In Scriptwriting, We Call It A “Yes-No-Yes-No” Argument; In Cable News They Call It “Cable News”

A confession: though I write scripts for a living, I despise reading the damned things. It’s not necessarily the scriptwriter’s fault; the screenplay format itself defeats many a talented writer. But, storytelling itself can defeat writers too — especially when they’re mediocre at it. Journalists are storytellers first and foremost. Their canvas is the present or a deep dive into something from the past that helped shape and explains the present. But, regardless of when the story you’re telling takes place, the principles of storytelling remain the same. It’s all about adding information, scene by scene, to propel the story forward through all its good parts to a satisfying conclusion. Scenes that don’t add information don’t belong. Instead of moving the story forward, pointless scenes bring the story to a halt — or tell a different story — their own. Or, more likely, no story whatsoever.

The epitome of the utterly useless scene is two characters engaged in a “yes-no, yes-no” argument that literally goes nowhere. Scenes don’t necessarily have to have the words “yes” and “no” to be “yes-no” scenes. They just have to contain an argument that goes on and on without actually getting anywhere. You know, like the American news media reporting any story that isn’t a royal wedding.

With the Donald Trump story, the “yes-no, yes-no” scene often began with Trump doing something outrageous — like giving away secrets or backing Vlad Putin’s agenda over our own. The news media would look to the rest of the GOP, expecting them to be just as shocked as the press was pretending to be. Yet the Republicans never flinched. Their loyalty to Trump never faltered. “Why do the Republicans remain so loyal to Trump?” our news media talking heads would demand to know.

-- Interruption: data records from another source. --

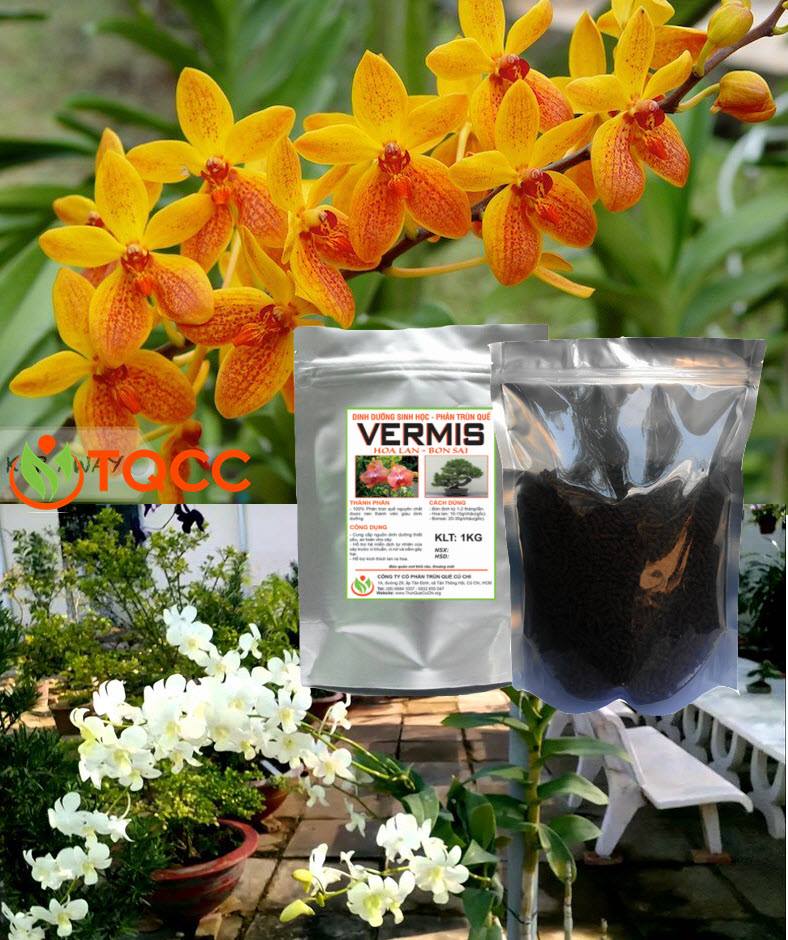 phân trùn quế dạng nén viên cho hoa lan tan chậm vermis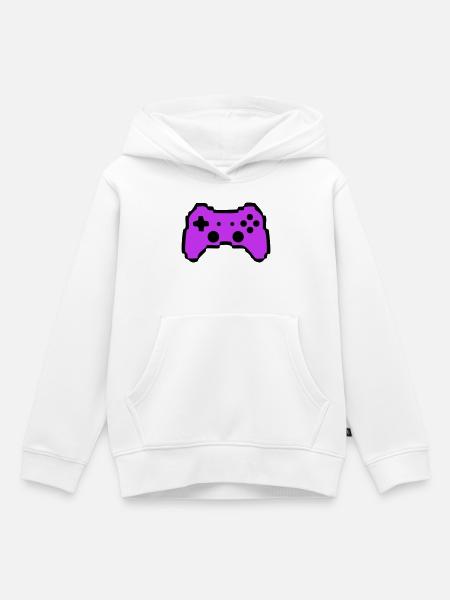 Retro Gamepad Controller Gamer - Kinder Premium Organic Hoodie - Weiß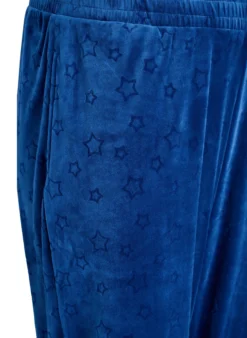 Velourhose mit geprägtem Muster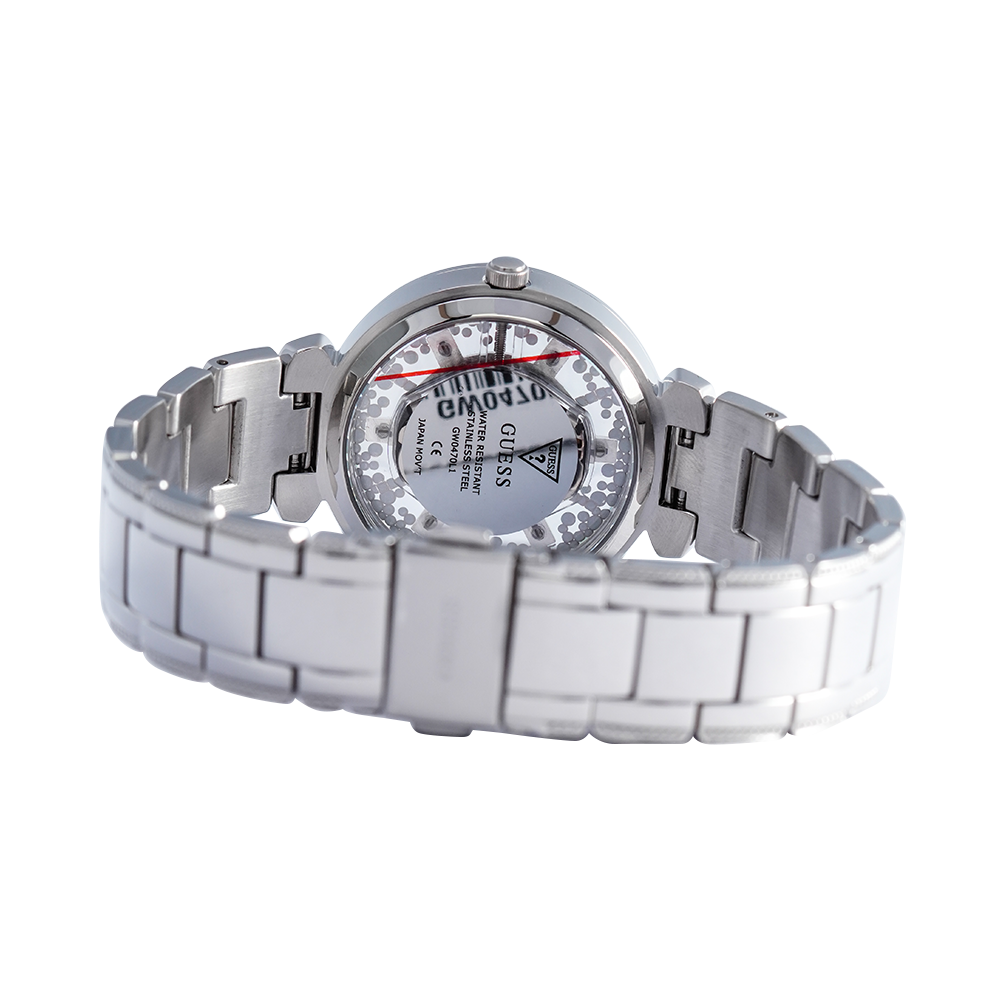  Shop Authentic Guess Night Life Clear Silver Dial Silver Steel Strap Watch for Women - GW0470L1 - Luxxuri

The talking head panel would then kick the question around — same as they did the day before and the day before that. That they kept having the same damned conversation wasn’t because an answer was so elusive and hard to tease out from the shadows. No, it was because our news media — insisting that “both sides do it” — have made themselves incapable of framing any story correctly. If you truly believe that “both sides do it”, it’s because you think that people are all, at the core, alike; the fact that they take differing sides is just them being “political” — which, of course, “both sides do”. But the two sides in this conversation — conservatives vs progressives — are entirely different in their vision for the future and for America.

Trust me on this — conservatives want one thing for the future (they want it to look like the past as much as possible — the thing conservatives want to conserve) while progressives want the diametric opposite. Unlike conservatives, progressives don’t fear the future. It’s the past that progressives want to get away from — our racist, misogynist, corrupt (and now treasonous) past. Of course, we want to prosecute all those the people who did these terrible things first (as we must). If cable news shows really wanted to, they could make these conversations on their air much more meaningful. But, first, they’d have to put down their cynicism and see the world they’re reporting on as it actually is.

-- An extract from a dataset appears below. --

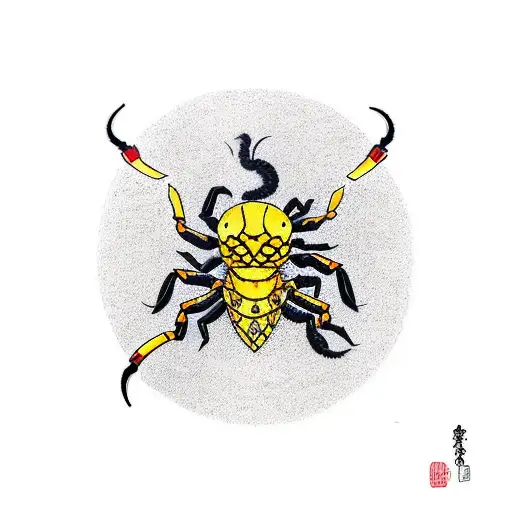 scorpion using black and yellow colors tattoo design idea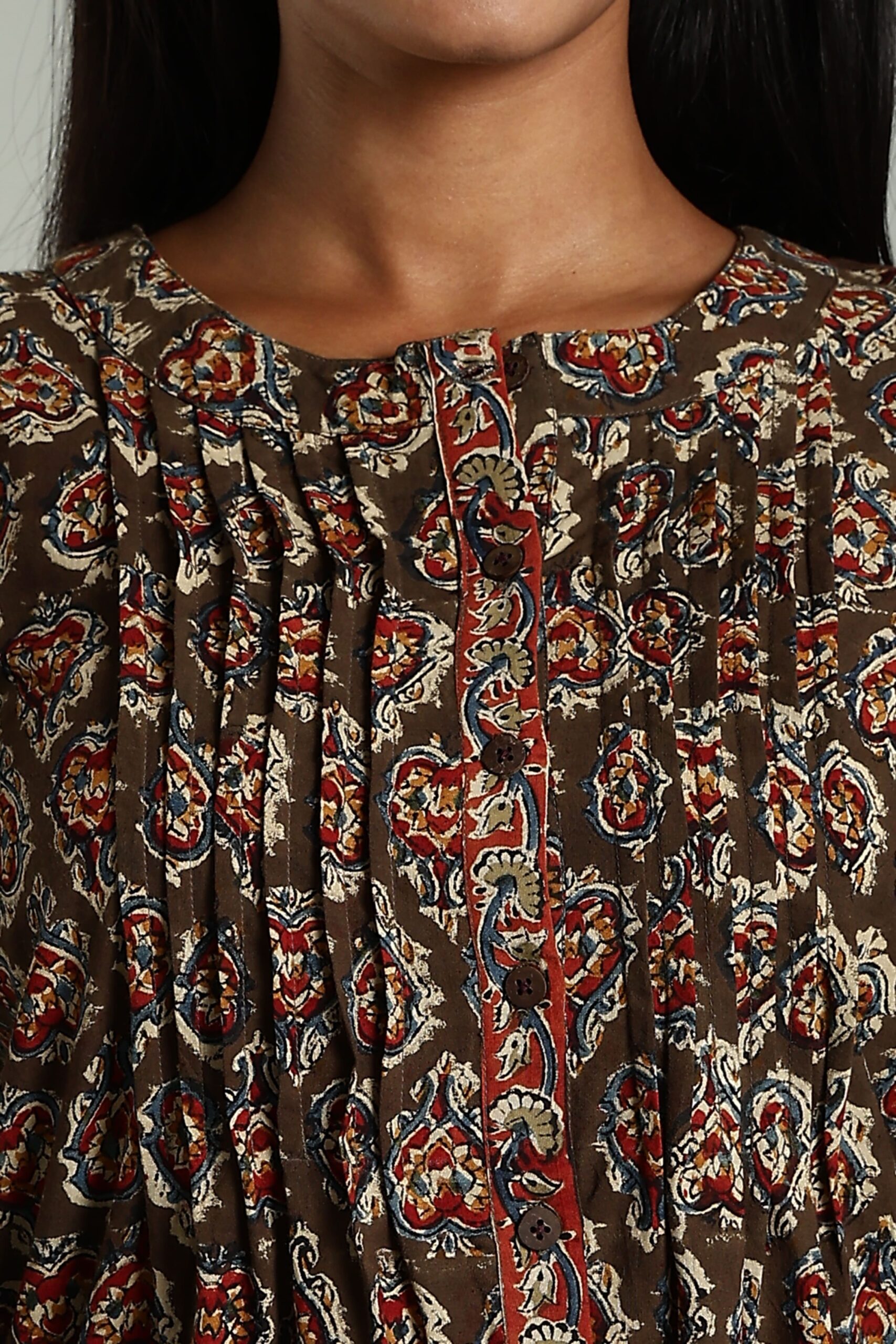 KALAMKARI KURTA PINTUCK -GREEN - Image 5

In a movie or television script, the goal always is to move the story forward toward its conclusion. Every scene must both build upon the scenes that came before it and then add new information that will propel the story into the next scene. This requires the storyteller to continually aggregate all the new information into the story — baking it into the architecture in essence. Otherwise, every new scene would start — as cable news shows do — by returning to square one where we didn’t know the things we’ve subsequently learned. That’s how we get to a place where our news media can’t decide whether or not Donald Trump is/was/will always be a racist.

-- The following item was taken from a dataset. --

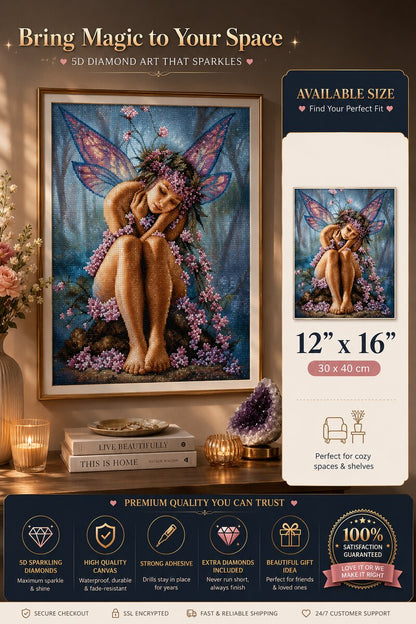 Dreaming fairy diamond painting framed on a wall, available in a 12 by 16 inch size | Azurra Shop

Anyone who says and stands by “Mexicans are rapists” is a racist. He’s telling us so. All we have to do is listen to the man. It’s stupid to ask racists if they’re racist to begin with. How the hell would they know? They have zero perspective on racism BECAUSE THEY’RE RACISTS. And racism, like beauty, isn’t in the racist’s eye, it’s in the “beholder’s”. In racism’s case, that will be the racist’s victim. THEY’RE the only people qualified to answer that question. They’re the only ones who actually know.

Our cable news talking heads can’t decide if Republicans are honest actors or not because they can’t aggregate the information that would tell them they’re not. Honest actors don’t obstruct justice the way Republicans do. They don’t stand with seditionists and traitors. They don’t do everything within their power to undermine our democracy because — being so regressive — no one will vote for them. But Republicans do. And we know that because they’ve been doing it for almost five years now. That’s a pretty reliable data set.

In a movie or TV show, the presence of a “Yes-no, yes-now” argument is evidence that the storyteller isn’t up to the job. In American politics, it’s evidence that a Republican is nearby. And so is corruption.